Task brief:
From the records below, please print only the lines from the one containing "bán nhà mễ trì" through the one containing "14 Pyrenees Court, Caversham WA 6055", both included. Skip the pictures.
Records for the task section start
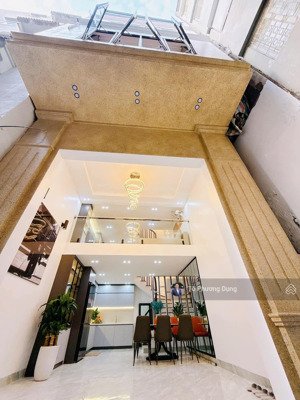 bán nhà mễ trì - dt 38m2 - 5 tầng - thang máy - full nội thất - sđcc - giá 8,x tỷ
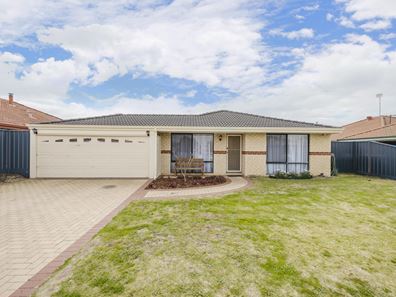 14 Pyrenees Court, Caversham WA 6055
Records for the task section end
Records for the task section start
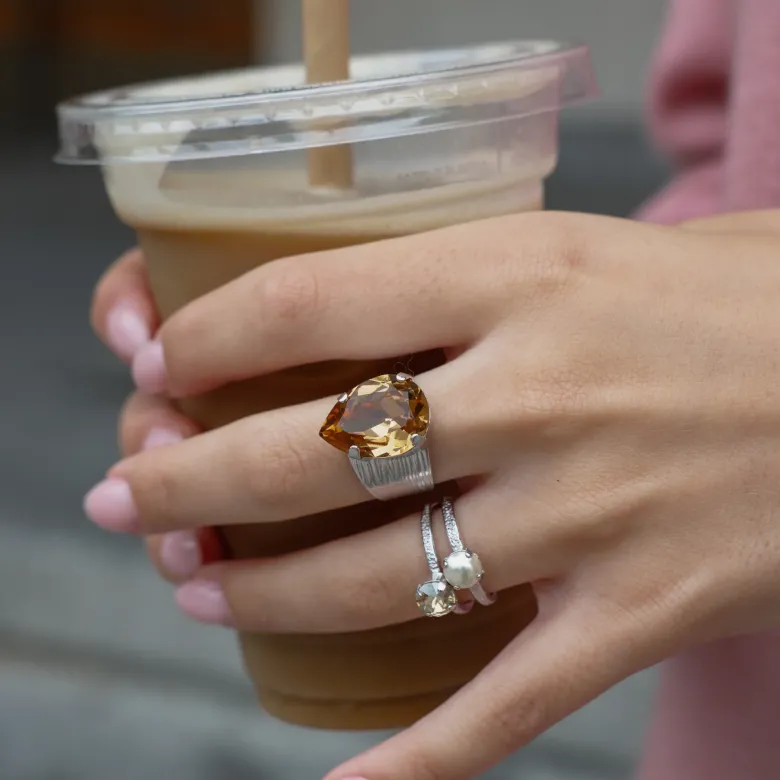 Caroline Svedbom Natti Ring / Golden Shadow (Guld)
Records for the task section end
Records for the task section start
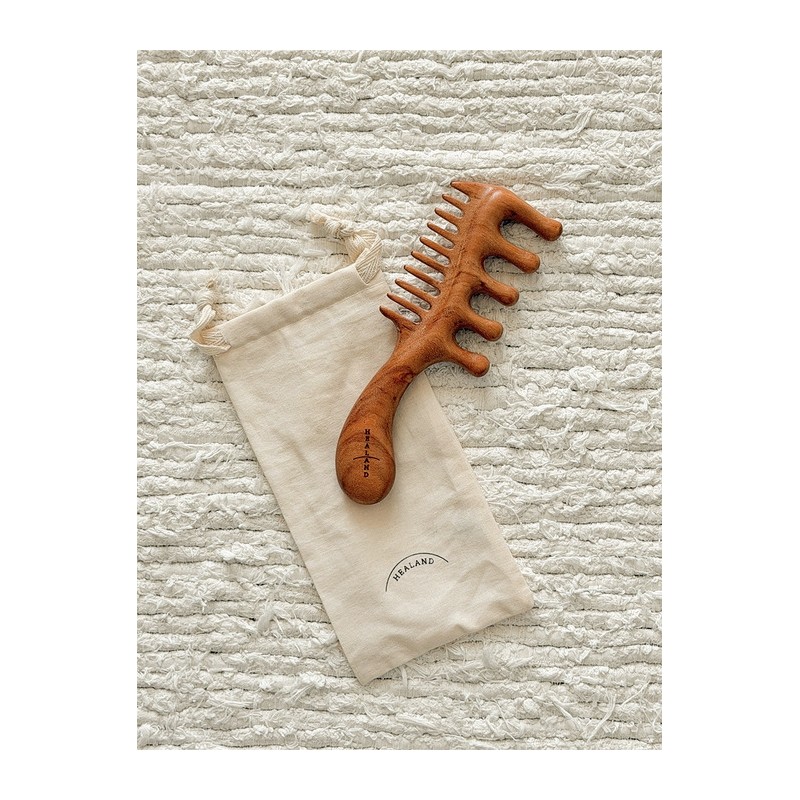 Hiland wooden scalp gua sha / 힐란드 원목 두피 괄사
Records for the task section end
Exercise answer:
 bán nhà mễ trì - dt 38m2 - 5 tầng - thang máy - full nội thất - sđcc - giá 8,x tỷ
 14 Pyrenees Court, Caversham WA 6055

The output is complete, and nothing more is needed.